*** GIVEN RECORDS Section Begins ***
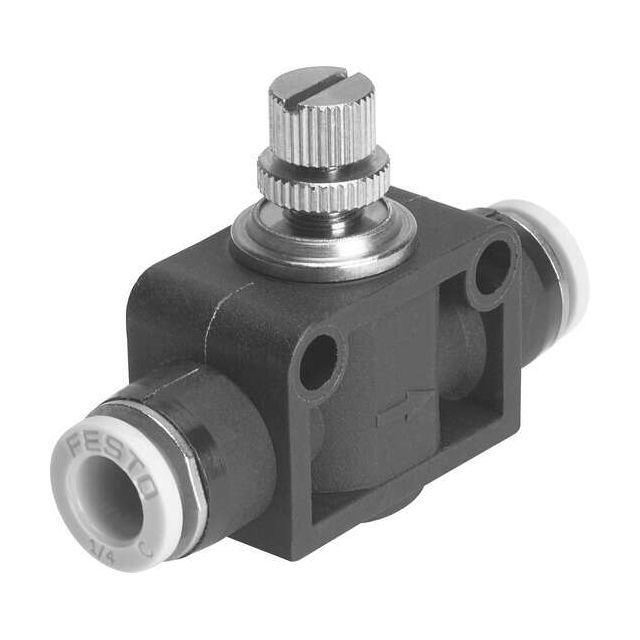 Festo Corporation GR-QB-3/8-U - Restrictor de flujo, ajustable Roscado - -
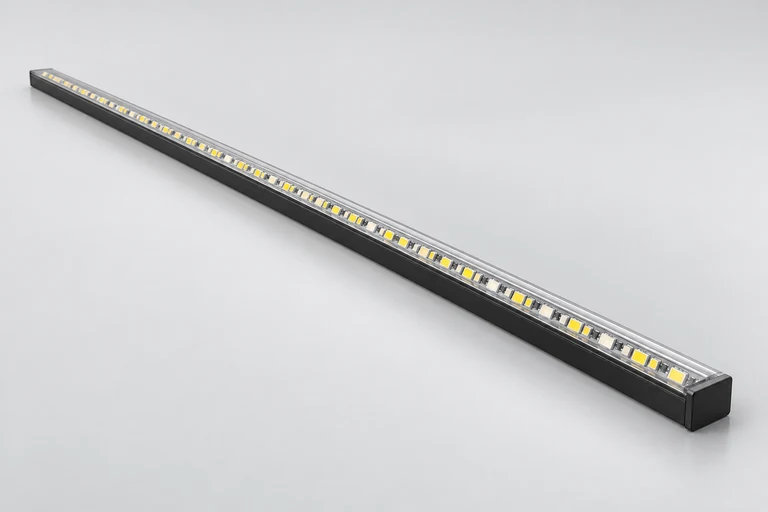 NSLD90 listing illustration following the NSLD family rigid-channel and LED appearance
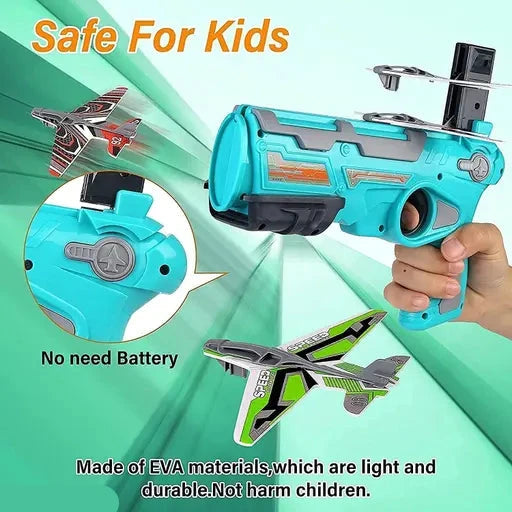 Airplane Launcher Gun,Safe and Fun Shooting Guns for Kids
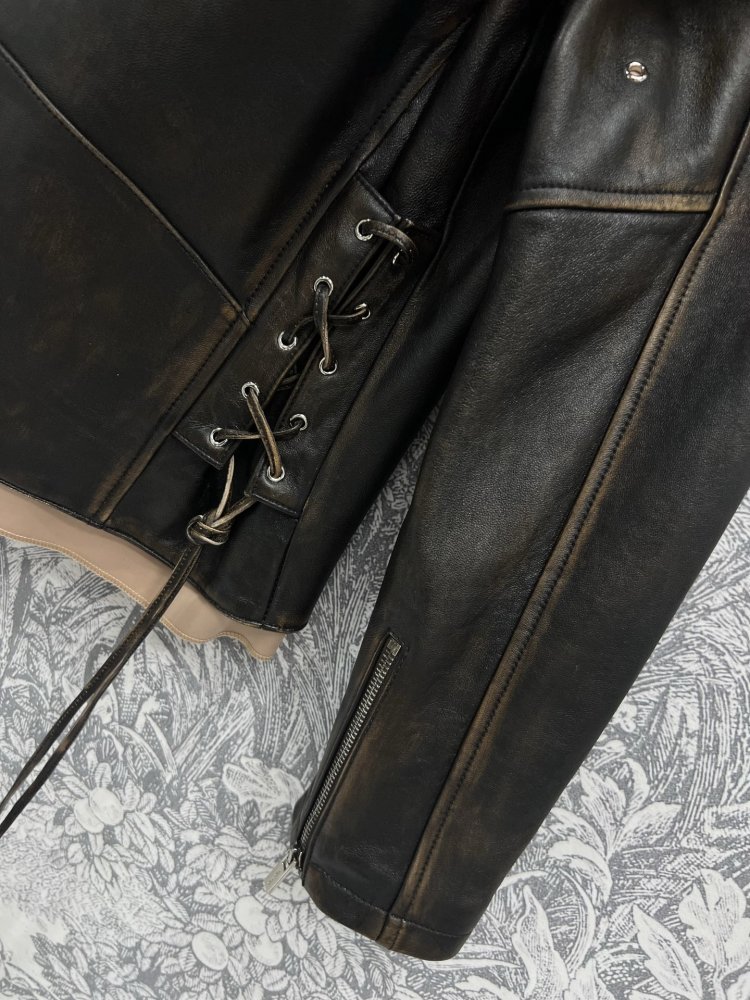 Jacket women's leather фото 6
*** GIVEN RECORDS Section Ends ***
*** GIVEN RECORDS Section Begins ***
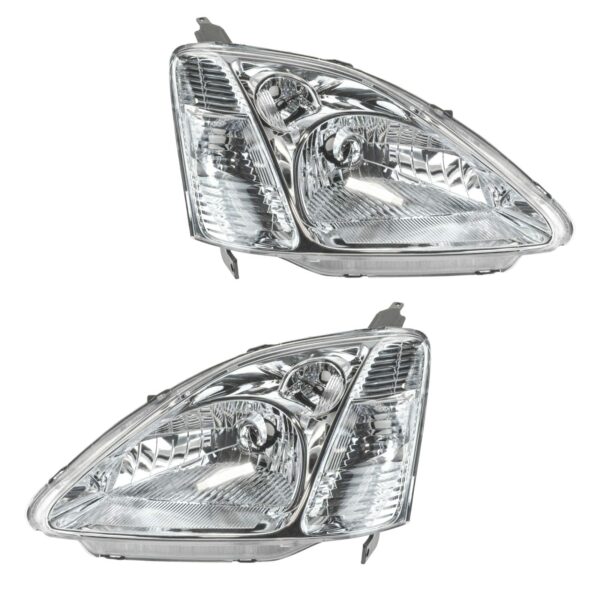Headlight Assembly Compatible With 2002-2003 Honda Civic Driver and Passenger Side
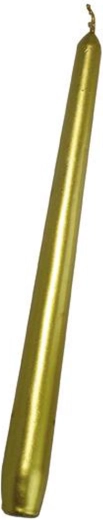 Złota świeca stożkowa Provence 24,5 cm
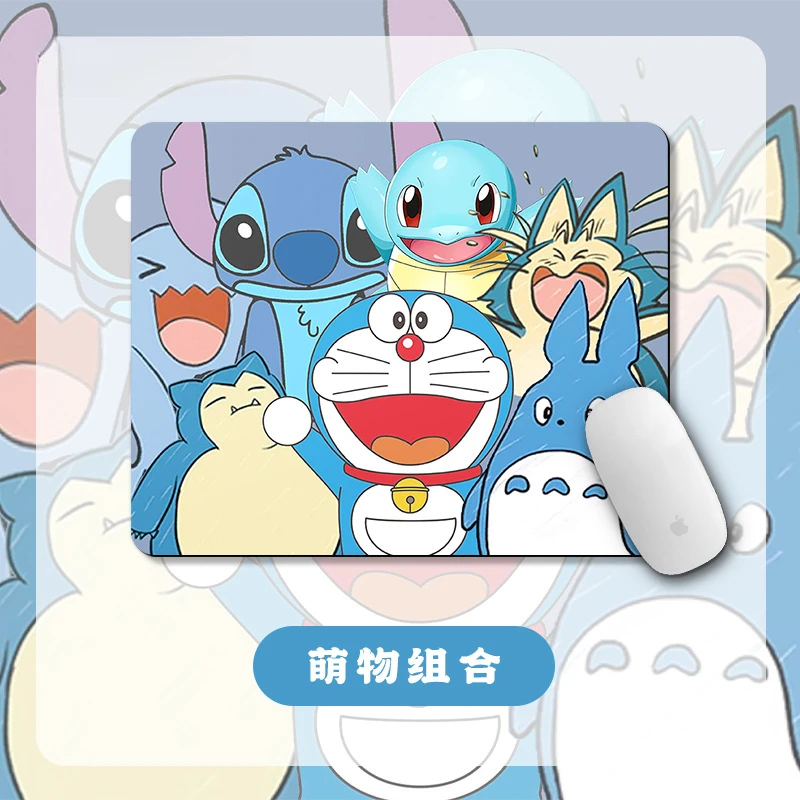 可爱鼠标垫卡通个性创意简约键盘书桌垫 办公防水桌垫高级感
*** GIVEN RECORDS Section Ends ***
*** GIVEN RECORDS Section Begins ***
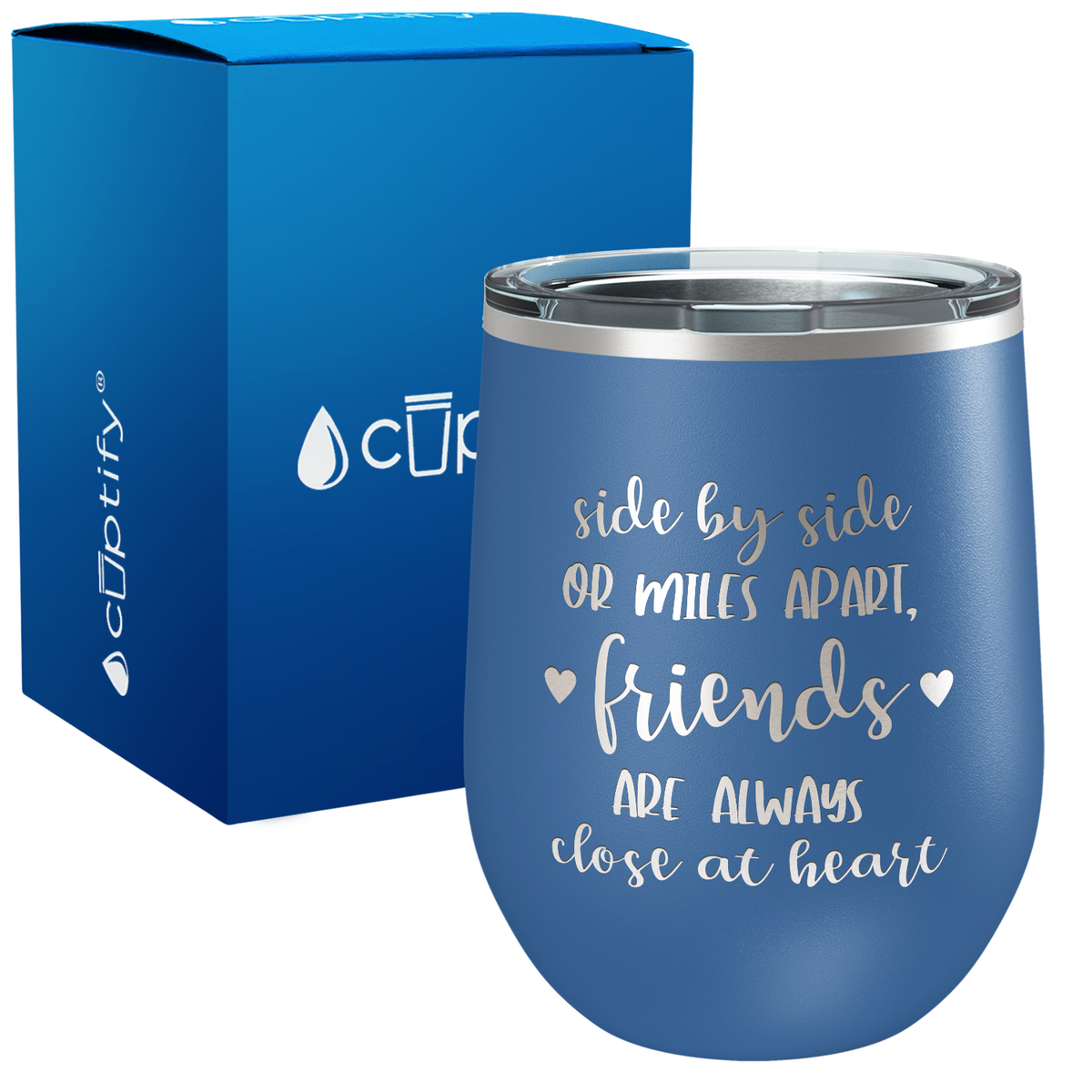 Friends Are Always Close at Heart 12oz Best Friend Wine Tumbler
*** GIVEN RECORDS Section Ends ***
**ASSIGNED TASK**
Your answer should consist of the lines above between those holding "Festo Corporation GR-QB-3/8-U" and "Jacket women's leather фото 6", inclusive, reproduced word for word and without pictures.

**WRITTEN ANSWER**
 Festo Corporation GR-QB-3/8-U - Restrictor de flujo, ajustable Roscado - -
 NSLD90 listing illustration following the NSLD family rigid-channel and LED appearance
 Airplane Launcher Gun,Safe and Fun Shooting Guns for Kids
 Jacket women's leather фото 6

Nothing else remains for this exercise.